Wizard (Witch):  I'll say it right now that this subclass has me the least excited.  While the Witch is certainly solid compared to other controller classes, it's slightly inferior (and blatantly so) to other Wizard builds, and given that Wizards can just freely poach the Witch powers anyways I find this to be bad design.  A lot of the new powers are close attacks, and oddly enough some healing utilities are introduced.  Unfortunately, Witches are not as durable as some of the other Wizard builds out there (Staff of Defense, Necromancers, Nethermancers), so I can see a lot of Witches becoming a liability if they choose a lot of these close burst/blast spells (unfortunately your 1st level encounter powers are auto-picked).  It definitely feels like a Witch through power selection, but from a pure optimization standpoint I feel like in the vast majority of cases there's always going to be an existing Wizard spell that's better (there is a handful of gems in here though).  Perhaps that shouldn't be surprising given how much support Wizards have gotten, but it definitely makes this the weak point of the book. 

Character Options

Four themes are presented, the best being the Fey Beast Tamer which is almost the Sentinel's animal companion without getting stuck playing a Sentinel.  The Fey Beast Companion attacks are much less damaging than a Sentinel's (especially at low levels), but for an OA and damage sponge (not to mention the aura) they do their job just fine.  The Sidhe Lord gets a Daily summoning power, though the Sidhe House Guard is pretty weak (HP= to your healing surge value?!?!).  Still, it has an immediate interrupt that allows it to take a hit for you, so it's at least going to give you access to a surge in combat and absorb status effects.  Tuathan is a theme that gets 2 options each time a choice is made, but is sadly limited to humans and half elves.  There's a focus on heroic luck and animal transformation (unfortunately, the latter is only available as a utility swap instead of a starting feature).  Finally, the Unseelie Agent is designed around a "Shadow Weapon," which is basically a free vanilla magic weapon that won't be as good as what most PCs will want.  It's a pity, as this theme has some great story hook potential.
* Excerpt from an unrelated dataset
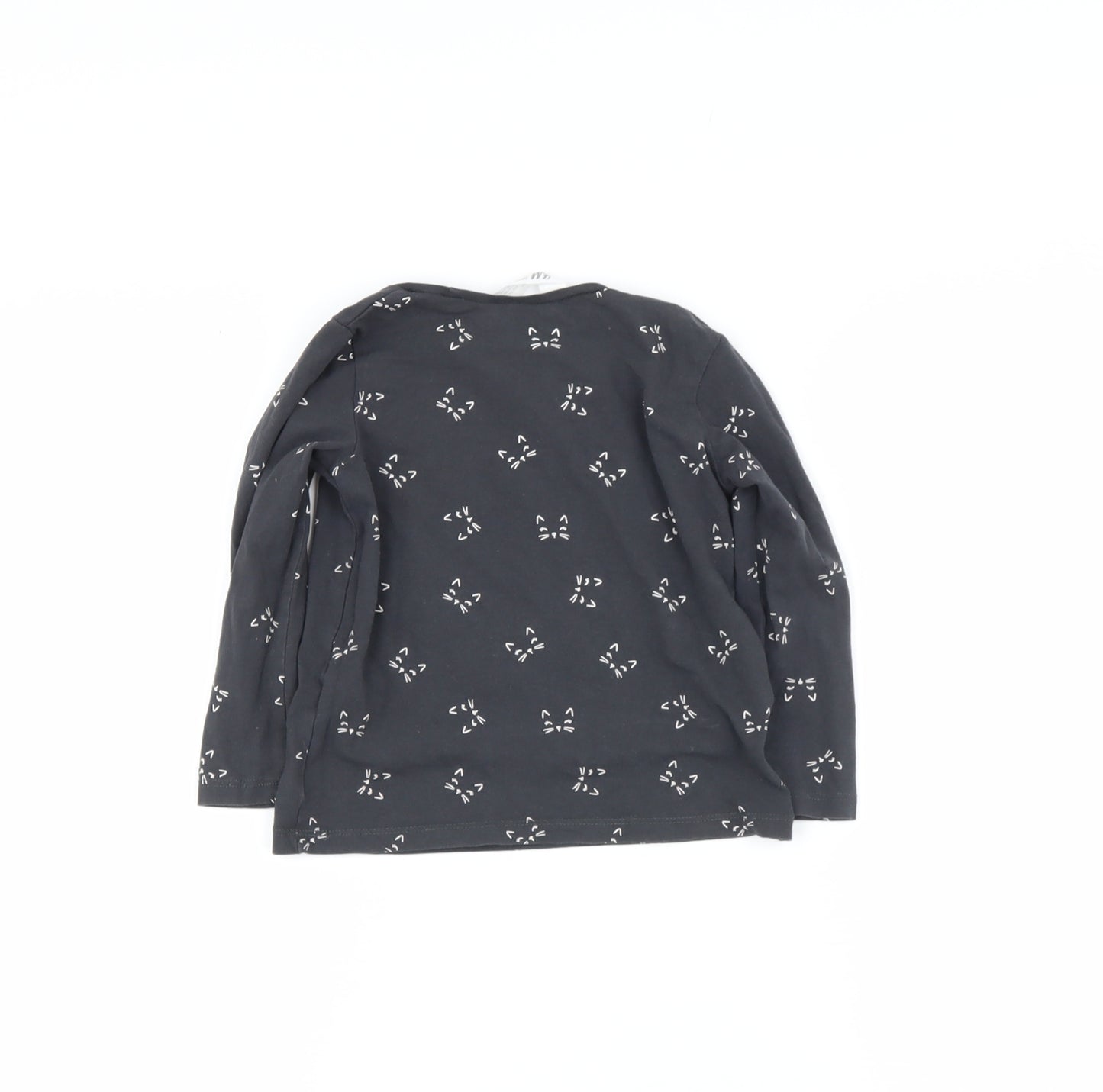 H&M Girls Blue  Cotton Basic Casual Size 3-4 Years Round Neck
Each new subclass also has its own Paragon Path.  Most are solid if not terribly spectacular, with the Deadly Berserker probably being the best of the bunch.  The 3 Epic Destinies are Shiradi Champion, Wild Hunter, and Witch Queen (seeing as I've never played in Epic I can't really say whether or not they're any good).

The feats section has the usual mix of good, ok, and bad.  Racial feats are apparently back, with the 3 new races in addition to elves, eladrin, gnomes, and wilden all getting new feat support.  The long-awaited Totem Expertise is finally here (ignore partial cover/concealment), and chargers get more unnecessary support with Two-Handed Weapon Expertise.  Two new familiar feats are pretty underwhelming, as are 2 of the 3 Fey feats.  Fey Shift, however, is awesome as it gives you a 2 square teleport speed (obviously it's epic).  The Barbarian feat is great (THP equal to surge value when you enter your Fury), while the Bard and Druid feats facilitate mixing and matching class features (O-Bards can get Skald's Aura, O-Druids can trade a daily for a use of SNA, and Protectors can trade a use of SNA for a daily, plus they get Wild Shape to boot).  Multiclass feats are a mixed bag; the Witch M/C is nearly useless (you get Augury?!?!), Berserker and Protector are solid (1/day use of Fury and Nature's Growth, respectively), and the Skald is simply incredible (1/enc Skald's Aura, giving you a 1/enc heal!).
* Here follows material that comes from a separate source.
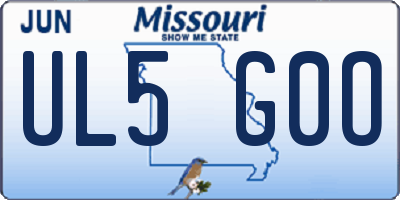 MO license plate UL5G0O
The gear section lists some semi-magical mundane items from the Feywild, some of which look pretty amusing for the price.  Some new magic totems (including 1 that increases forced movement, and one that's essentially a "Vicious" totem), Wondrous Items (mostly "meh"), and Consumables (solid) are also presented.  Finally, Fey Magic Gifts are a new alternative reward, though by and large they're more mundane utility based as opposed to being comparable to magic items.  Still, some look fun for roleplaying purposes.

Build Your Story

The last chapter of the book is an interesting new take on creating a backstory.  There are sections on Upbringing, Locations (Civilized Lands, Wilderness Locations, and Dark Lands), and Events.  You go through several different options choose-your-own-adventure style, with ability checks largely determining how you fared in a given situation.  Each scenario has a few associated skills, and you can choose your trained skills based on what you picked up through this story as opposed to what class skills you normally get (you're still limited by the number of trained skills your class has, though).  You can use this chapter to generate an idea for a PC completely at random, or you can use the individual sections for inspiration.  It's a little gimmicky, but an interesting backstory generator nonetheless.  Most of the choices are open-ended enough to allow for creativity, but there's also enough detail to provide a cohesive backstory for players that aren't usually interested in coming up with something.

NOTE:  I've written up a post on a test run of this process, as I create an Elven Protector Druid.


I highly recommend this book.  Granted I might be biased because I really like the Feywild and how it was handled in 4e.  Furthermore, Druids, Wizards, Bards, and Barbarians are some of my favorite classes anyways, and to see them all get support in the same book is pretty cool.  Regardless of my personal tastes, there's simply a lot of really good design in this book.  The Berserker looks like a blast, is flavorful, and appears to be solid as both a defender and a striker.  First dual-role subclass was a success in my book!  The Skald's Aura is a tactically interesting healing mechanic, and there's a lot of unique new powers that interact with it.  The Protector provides much-needed caster Druid support, in addition to introducing an effective controller class feature.  The Witch is admittedly a bit disappointing, but there's enough to poach that it's not a complete waste, and if nothing else there's a lot of flavorful if not optimal powers.  Most of all I like the return to the classic AEDU design even if some Essentials style elements are incorporated (the Skald's emphasis on basic attacks, for example).  Unlike recent class design in the post-essentials era, these classes are not straight-jacketed into features and powers.  Existing powers work perfectly with the new builds, and older builds can take the new powers.  The designers even went a step further by including the Skald and Druid feats that let you mix and match elements of the different builds.  Overall there's a return to customizability exemplified by a high degree of compatibility between subclasses despite the fact that unique, new mechanics were introduced.  I applaud that the designers were able to not only pull this off, but to keep everything balanced by pre-Essentials standards*.

*Essentials marked a huge design shift, and in general the developers were overly conservative when balancing the new stuff, resulting in a lot of underpowered builds and subclasses.  It seems like the subclasses in this book have been brought back up to the appropriate power level, and I have a feeling that in-game play will support that.